=== Section Start ===
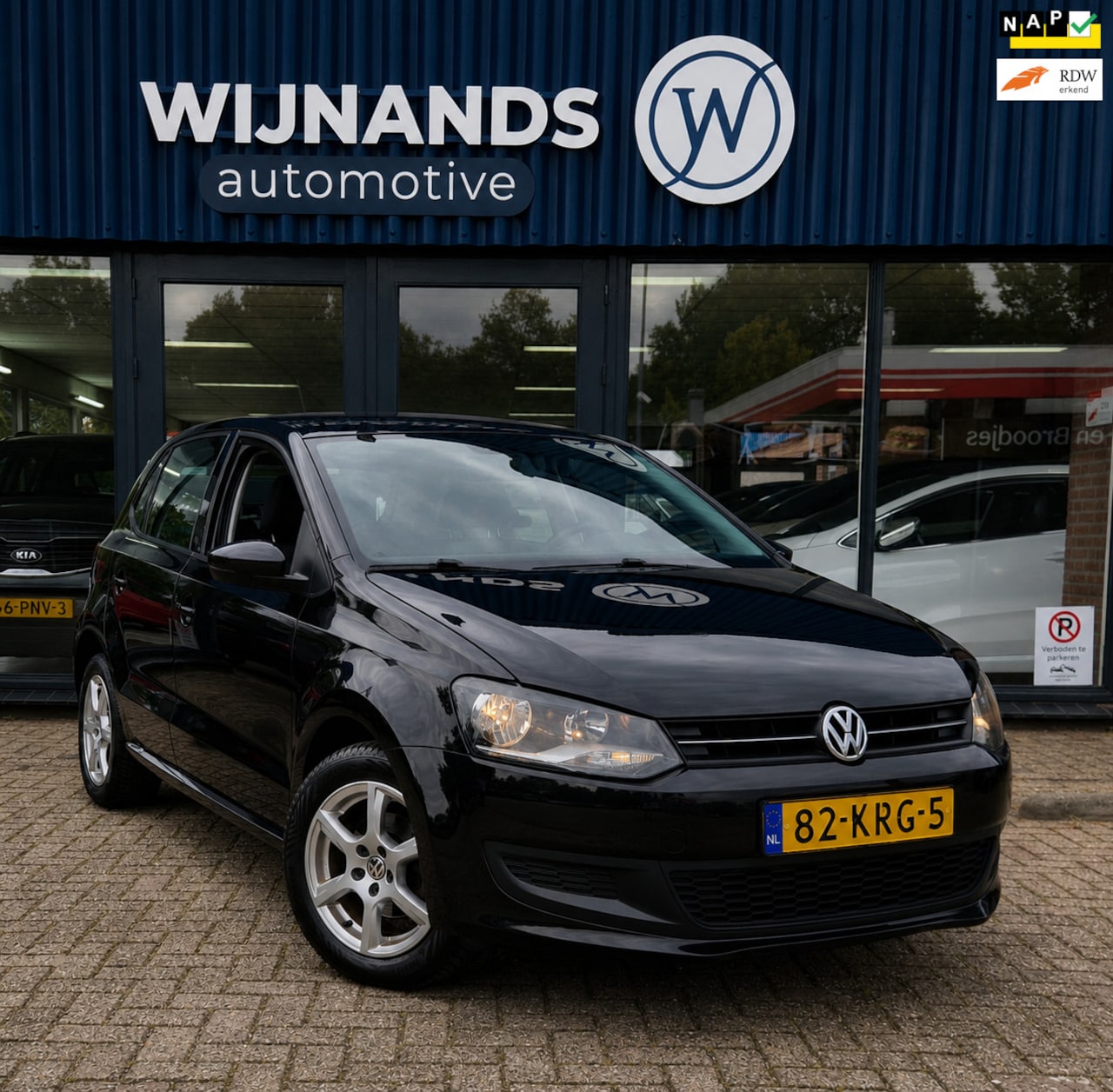 Volkswagen Polo - 1.4-16V Comfortline a tot z onderhouden Nap - AutoWereld.nl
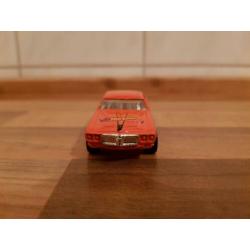 Hotwheels '69 Pontiac Firebird Oranje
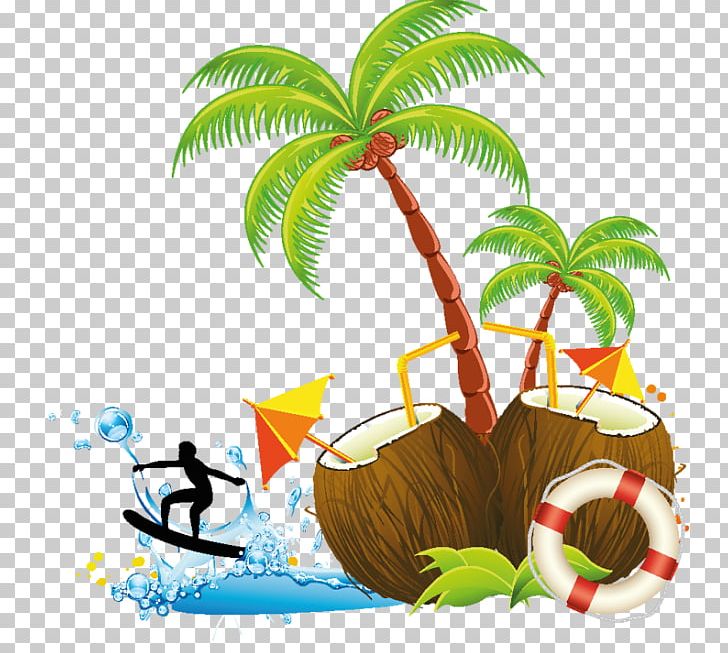 Leaf Palm Tree Arecaceae PNG, Clipart, Arecaceae, Arecales, Art, Coconut, Coconut Water Free PNG Download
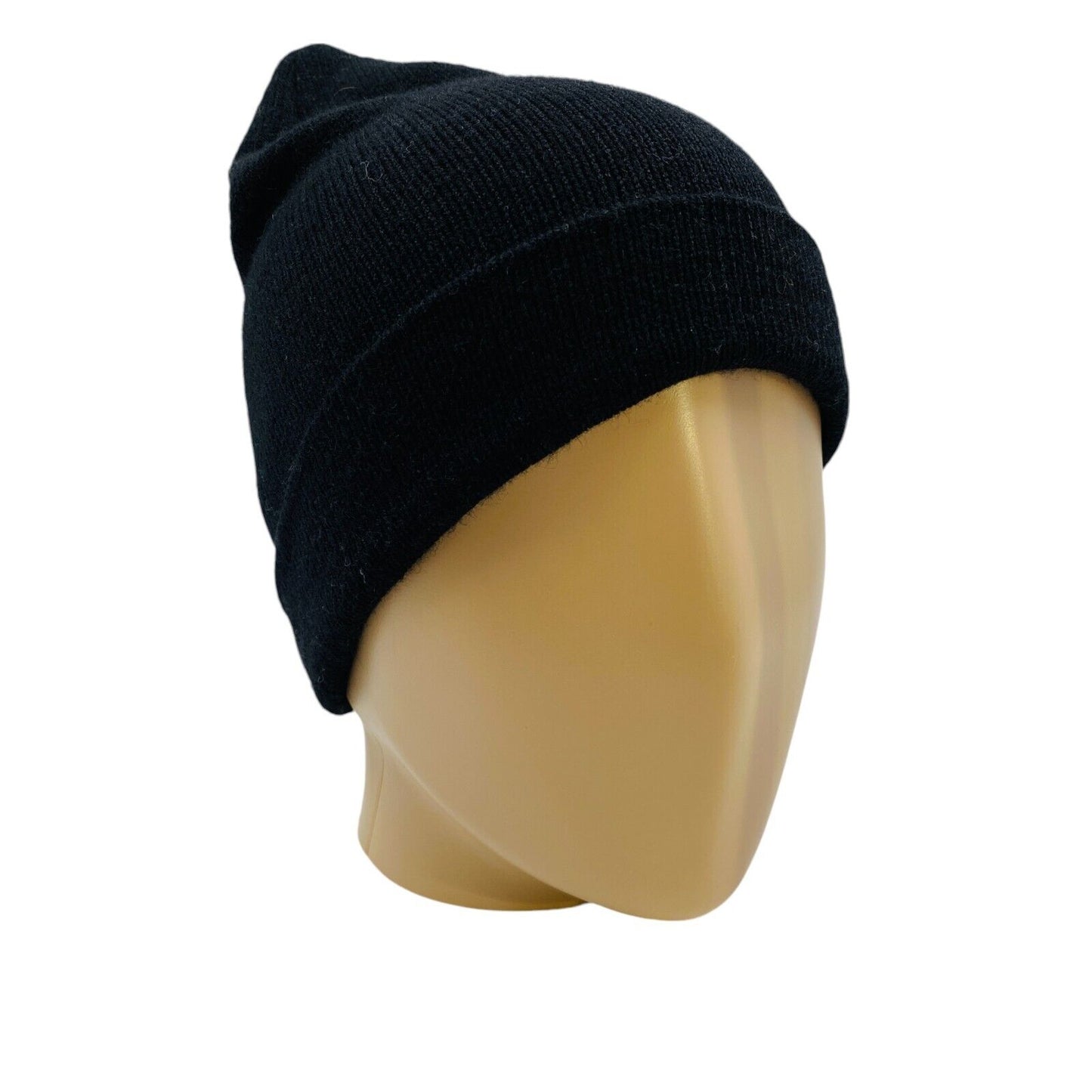 s.Oliver Unisex Adult Black Beanie Winter Hat One Size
=== Section End ===
**Goal of the exercise:**
Pictures aside, reproduce the listing above exactly.

**Problem solution:**
 Volkswagen Polo - 1.4-16V Comfortline a tot z onderhouden Nap - AutoWereld.nl
 Hotwheels '69 Pontiac Firebird Oranje
 Leaf Palm Tree Arecaceae PNG, Clipart, Arecaceae, Arecales, Art, Coconut, Coconut Water Free PNG Download
 s.Oliver Unisex Adult Black Beanie Winter Hat One Size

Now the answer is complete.